Abstract
The National Health Service (NHS) in England provides funding for social prescribing to address the social determinants of ill-health. This paper describes a case study of how one general practice serving a disadvantaged population transitioned to Focused Care, a more intensive form of social prescribing, to increase engagement and improve outcomes. Characteristics of service users and their presenting problems, rates of engagement, resource implications of the service and potential benefits are discussed.
Keywords
Background
First popularised in the United Kingdom (UK), social prescribing is now adopted in many countries worldwide as a means by which community-based health professionals, including family medicine doctors or general practitioners, can address the individual social needs of their patients.1,2 Often called ‘community referral’ or ‘linkage schemes’, social prescribing enables health professionals to refer patients to advisers (variously called link workers, navigators or care coordinators) for an assessment of their needs and agreement of a co-produced goal-led care plan that either involves signposting or introducing clients to suitable agencies in the community (the ‘delivery arm’) with potential to provide appropriate advice and support.3 -5 Social prescribing aligns with the bio-psycho-social model of health; its theoretical principles are grounded in self-identity, resilience, motivation and coping with complex issues. 6
Social prescribing seeks to address ‘the causes of the causes of ill-health’ as emphasised by the Marmot report in 2012 which brought empirical clarity to the relationship between inequalities in wider social, economic and environmental factors and inequalities in health outcomes in England. 7 Over the ensuing few years, a heterogeneous array of social prescribing schemes were introduced which local evaluative studies (albeit often weak methodologically) generally reported to have favourable effects on wellbeing. 8 The concept gathered significant momentum and interest amongst policy makers such that the Long-Term Plan for the National Health Service in 2019 provided for social prescribing link workers to be introduced universally across England through dedicated central funding for Primary Care Networks (groupings of general practices providing primary medical services to between 30 000 and 50 000 people). 9
This paper describes the evolution of social prescribing in a large general practice serving a disadvantaged population in the south of England. The practice included localities that are in the top 2% most deprived in England. People living in this area struggle with issues such as substandard housing, food insecurity, unemployment and poor literacy. Over 60% of patients registered with the practice live with at least one long-term condition.
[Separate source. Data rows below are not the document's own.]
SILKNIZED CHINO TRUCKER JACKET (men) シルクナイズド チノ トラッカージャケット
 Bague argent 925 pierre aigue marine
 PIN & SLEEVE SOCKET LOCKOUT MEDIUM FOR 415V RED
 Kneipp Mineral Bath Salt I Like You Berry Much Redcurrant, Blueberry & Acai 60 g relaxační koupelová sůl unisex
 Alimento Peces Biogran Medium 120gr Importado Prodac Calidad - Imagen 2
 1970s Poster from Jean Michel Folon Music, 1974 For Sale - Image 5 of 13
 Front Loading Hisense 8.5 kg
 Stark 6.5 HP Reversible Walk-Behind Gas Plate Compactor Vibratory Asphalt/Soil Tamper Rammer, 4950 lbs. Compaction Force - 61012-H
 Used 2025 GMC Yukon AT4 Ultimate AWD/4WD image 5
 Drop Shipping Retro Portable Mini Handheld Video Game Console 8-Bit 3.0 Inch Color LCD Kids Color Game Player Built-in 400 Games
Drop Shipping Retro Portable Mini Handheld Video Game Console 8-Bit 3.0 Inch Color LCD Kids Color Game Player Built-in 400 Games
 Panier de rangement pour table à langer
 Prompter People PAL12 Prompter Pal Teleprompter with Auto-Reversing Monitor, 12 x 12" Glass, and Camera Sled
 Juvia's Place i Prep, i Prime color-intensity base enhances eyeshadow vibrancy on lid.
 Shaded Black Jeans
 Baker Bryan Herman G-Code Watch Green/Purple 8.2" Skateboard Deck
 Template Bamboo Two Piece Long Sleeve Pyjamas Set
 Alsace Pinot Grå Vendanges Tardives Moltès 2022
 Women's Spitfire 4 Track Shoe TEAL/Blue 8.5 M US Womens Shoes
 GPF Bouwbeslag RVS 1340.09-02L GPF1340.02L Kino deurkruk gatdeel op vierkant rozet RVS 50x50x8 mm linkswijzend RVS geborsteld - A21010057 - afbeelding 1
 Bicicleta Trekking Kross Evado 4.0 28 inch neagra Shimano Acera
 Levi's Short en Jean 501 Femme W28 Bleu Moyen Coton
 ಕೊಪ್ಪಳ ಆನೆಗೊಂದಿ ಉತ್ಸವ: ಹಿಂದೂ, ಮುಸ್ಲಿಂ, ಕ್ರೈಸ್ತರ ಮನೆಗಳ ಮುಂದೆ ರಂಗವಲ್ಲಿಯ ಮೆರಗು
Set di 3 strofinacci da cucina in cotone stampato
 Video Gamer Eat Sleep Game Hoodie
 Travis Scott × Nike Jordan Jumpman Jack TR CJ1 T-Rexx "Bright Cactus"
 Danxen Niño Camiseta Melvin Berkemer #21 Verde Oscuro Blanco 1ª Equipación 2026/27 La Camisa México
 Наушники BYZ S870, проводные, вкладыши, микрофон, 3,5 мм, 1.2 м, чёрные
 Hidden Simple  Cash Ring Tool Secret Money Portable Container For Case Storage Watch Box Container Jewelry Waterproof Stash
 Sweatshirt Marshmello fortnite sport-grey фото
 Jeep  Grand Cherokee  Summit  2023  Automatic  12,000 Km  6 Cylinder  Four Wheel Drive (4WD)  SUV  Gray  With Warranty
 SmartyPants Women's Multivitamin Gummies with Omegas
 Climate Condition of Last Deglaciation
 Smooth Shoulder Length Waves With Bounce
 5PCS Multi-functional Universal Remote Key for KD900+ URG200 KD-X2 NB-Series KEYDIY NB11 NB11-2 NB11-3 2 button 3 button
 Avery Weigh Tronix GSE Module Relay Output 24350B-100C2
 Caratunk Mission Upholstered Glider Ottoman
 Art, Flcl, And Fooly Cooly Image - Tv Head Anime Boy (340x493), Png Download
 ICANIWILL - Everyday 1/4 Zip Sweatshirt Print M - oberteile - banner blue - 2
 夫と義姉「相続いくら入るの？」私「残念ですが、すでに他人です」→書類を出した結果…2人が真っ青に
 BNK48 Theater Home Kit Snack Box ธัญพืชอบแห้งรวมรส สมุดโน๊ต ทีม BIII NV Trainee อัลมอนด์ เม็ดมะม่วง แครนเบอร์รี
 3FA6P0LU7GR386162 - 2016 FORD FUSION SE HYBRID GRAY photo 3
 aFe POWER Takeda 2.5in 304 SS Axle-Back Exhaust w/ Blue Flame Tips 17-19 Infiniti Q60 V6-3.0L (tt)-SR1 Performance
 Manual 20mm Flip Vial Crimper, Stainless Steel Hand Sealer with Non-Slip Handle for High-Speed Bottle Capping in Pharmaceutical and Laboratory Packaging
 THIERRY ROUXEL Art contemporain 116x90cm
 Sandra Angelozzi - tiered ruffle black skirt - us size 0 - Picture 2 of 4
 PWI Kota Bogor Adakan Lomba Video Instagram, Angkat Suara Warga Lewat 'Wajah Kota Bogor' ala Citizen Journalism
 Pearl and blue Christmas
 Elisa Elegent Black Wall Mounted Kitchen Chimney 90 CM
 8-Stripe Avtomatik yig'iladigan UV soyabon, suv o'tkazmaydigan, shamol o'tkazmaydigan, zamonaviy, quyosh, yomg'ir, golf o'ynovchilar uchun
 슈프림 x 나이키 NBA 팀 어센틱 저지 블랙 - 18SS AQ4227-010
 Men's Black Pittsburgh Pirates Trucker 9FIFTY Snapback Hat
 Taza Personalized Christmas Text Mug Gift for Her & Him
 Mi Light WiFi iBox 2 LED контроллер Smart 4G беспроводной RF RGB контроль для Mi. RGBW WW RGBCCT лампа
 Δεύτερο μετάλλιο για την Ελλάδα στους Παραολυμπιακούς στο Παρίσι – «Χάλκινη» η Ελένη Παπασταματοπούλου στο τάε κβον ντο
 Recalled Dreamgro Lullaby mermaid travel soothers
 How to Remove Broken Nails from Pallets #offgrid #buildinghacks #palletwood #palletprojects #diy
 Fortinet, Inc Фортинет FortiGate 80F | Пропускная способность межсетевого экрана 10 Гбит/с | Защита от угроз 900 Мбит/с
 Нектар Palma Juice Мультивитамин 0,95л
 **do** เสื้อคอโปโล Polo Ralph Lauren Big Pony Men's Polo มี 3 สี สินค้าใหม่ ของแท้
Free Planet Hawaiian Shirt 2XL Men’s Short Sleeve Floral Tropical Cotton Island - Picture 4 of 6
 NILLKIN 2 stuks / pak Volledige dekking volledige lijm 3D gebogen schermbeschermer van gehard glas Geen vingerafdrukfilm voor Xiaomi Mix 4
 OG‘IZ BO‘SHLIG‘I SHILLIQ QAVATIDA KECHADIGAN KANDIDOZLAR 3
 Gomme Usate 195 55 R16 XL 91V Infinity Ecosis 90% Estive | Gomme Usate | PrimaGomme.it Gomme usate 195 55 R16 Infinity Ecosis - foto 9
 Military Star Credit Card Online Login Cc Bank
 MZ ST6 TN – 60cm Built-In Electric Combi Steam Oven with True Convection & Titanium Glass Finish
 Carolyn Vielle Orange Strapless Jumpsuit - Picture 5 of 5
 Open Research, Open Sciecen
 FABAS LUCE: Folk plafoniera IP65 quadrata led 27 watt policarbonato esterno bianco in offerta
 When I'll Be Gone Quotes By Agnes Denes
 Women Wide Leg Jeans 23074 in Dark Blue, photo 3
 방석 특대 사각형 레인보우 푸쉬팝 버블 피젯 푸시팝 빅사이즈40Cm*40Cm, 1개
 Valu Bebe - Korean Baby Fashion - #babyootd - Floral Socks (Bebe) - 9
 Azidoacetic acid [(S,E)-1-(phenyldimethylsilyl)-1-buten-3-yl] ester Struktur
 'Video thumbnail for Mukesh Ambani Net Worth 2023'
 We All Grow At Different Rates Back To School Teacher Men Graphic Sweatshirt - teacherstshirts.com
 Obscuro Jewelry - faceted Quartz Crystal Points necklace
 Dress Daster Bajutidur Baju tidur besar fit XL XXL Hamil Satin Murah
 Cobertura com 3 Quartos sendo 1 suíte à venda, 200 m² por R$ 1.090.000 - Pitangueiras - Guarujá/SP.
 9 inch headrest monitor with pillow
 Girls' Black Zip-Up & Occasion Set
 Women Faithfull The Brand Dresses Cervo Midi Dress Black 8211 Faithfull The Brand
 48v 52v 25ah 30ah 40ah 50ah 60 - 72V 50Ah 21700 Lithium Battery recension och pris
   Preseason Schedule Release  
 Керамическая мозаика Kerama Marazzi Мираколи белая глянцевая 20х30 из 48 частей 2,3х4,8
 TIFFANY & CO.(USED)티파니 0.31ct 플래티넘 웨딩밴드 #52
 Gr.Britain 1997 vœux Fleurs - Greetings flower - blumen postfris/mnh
The prevalence of COPD, learning disabilities and mental health conditions is more than double the national average.
Social Prescribing and Focused Care in a ‘Deep End’ practice
Prior to the national initiative, the study practice offered a social prescribing service that was funded through local commissioning. A Social Prescribing Link Worker and a Health Engagement Worker collaboratively ran the service alongside the regular clinical and administrative staff that included a mental health worker, a community pharmacist and a community projects manager. Social prescribing was a whole team effort and normalised in the daily work of the practice 10 ; reception staff were trained in active signposting (e.g. to local food banks) whilst doctors, nurses, therapists and healthcare assistants could make direct social prescriptions to community support activities (e.g. exercise classes) when delivering care for chronic conditions.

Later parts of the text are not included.